BYOD or Bring Your Own Device is an IT strategy that encourages and supports employees bringing in their personal devices, and sets out policies and specifications regarding these devices.  Having a myriad of devices creates a bit of chaos, which is especially concerning (and risky) when thinking about your company’s data.  It also raises a multitude of questions that you must be prepared to answer—and provide a corporate policy to address.

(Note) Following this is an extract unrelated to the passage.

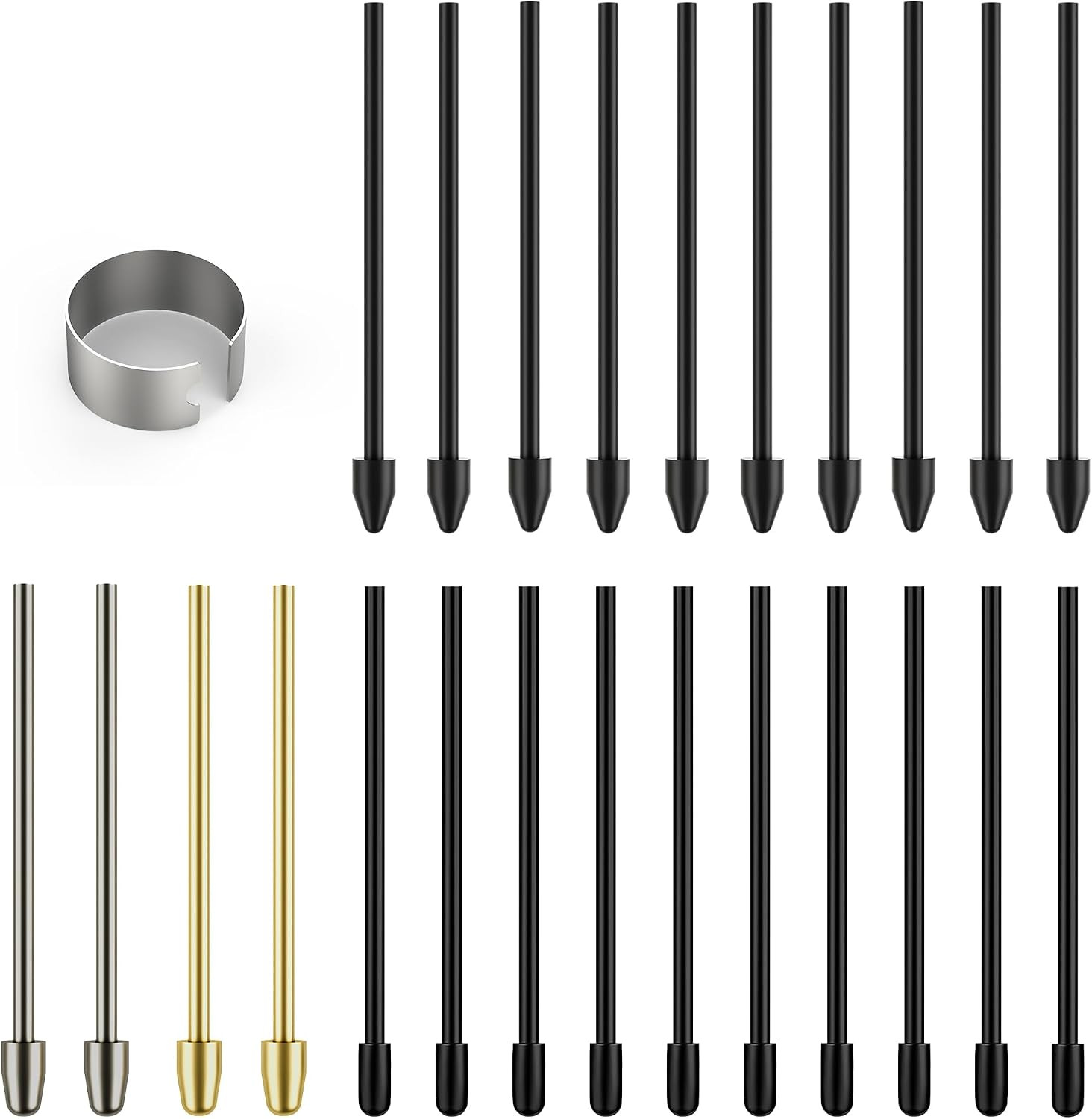 Pen Tips Compatible with Remarkable 2/1 Stylus,Replacement Nibs for Marker Pen/M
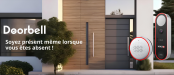 Découvrez la Doorbell de Provision-ISR : La Sécurité Intelligente à Portée de Main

At the bare minimum, your corporate BYOD policy should contain the following:

Define and Specify

You must decide which devices you are going to support. All mobile devices? Just cell phones? Just tablets? Then, you must specify what versions and levels of devices your company will support. For example, all cell phones that run iOS 6.0 or greater or Android Ice Cream Sandwich operating  systems or greater. Stay current; you don’t want to encourage employees to bring in old devices with outdated operating systems that can cause headaches (and security problems) for your IT team.

Password Rules 

Your BYOD policy must outline password specifications for your users. Will the device rotate passwords after a certain period of time? What is the minimum number of characters required for the password and are you regulating a certain password construction? Will the device lock after a number of unauthorized attempts to access data?

Address the Apps

Clearly state which apps will be supported. Will you only be supporting email functionality? Or will you be supporting calendaring, Word, PDF readers and an entire office suite? Be specific.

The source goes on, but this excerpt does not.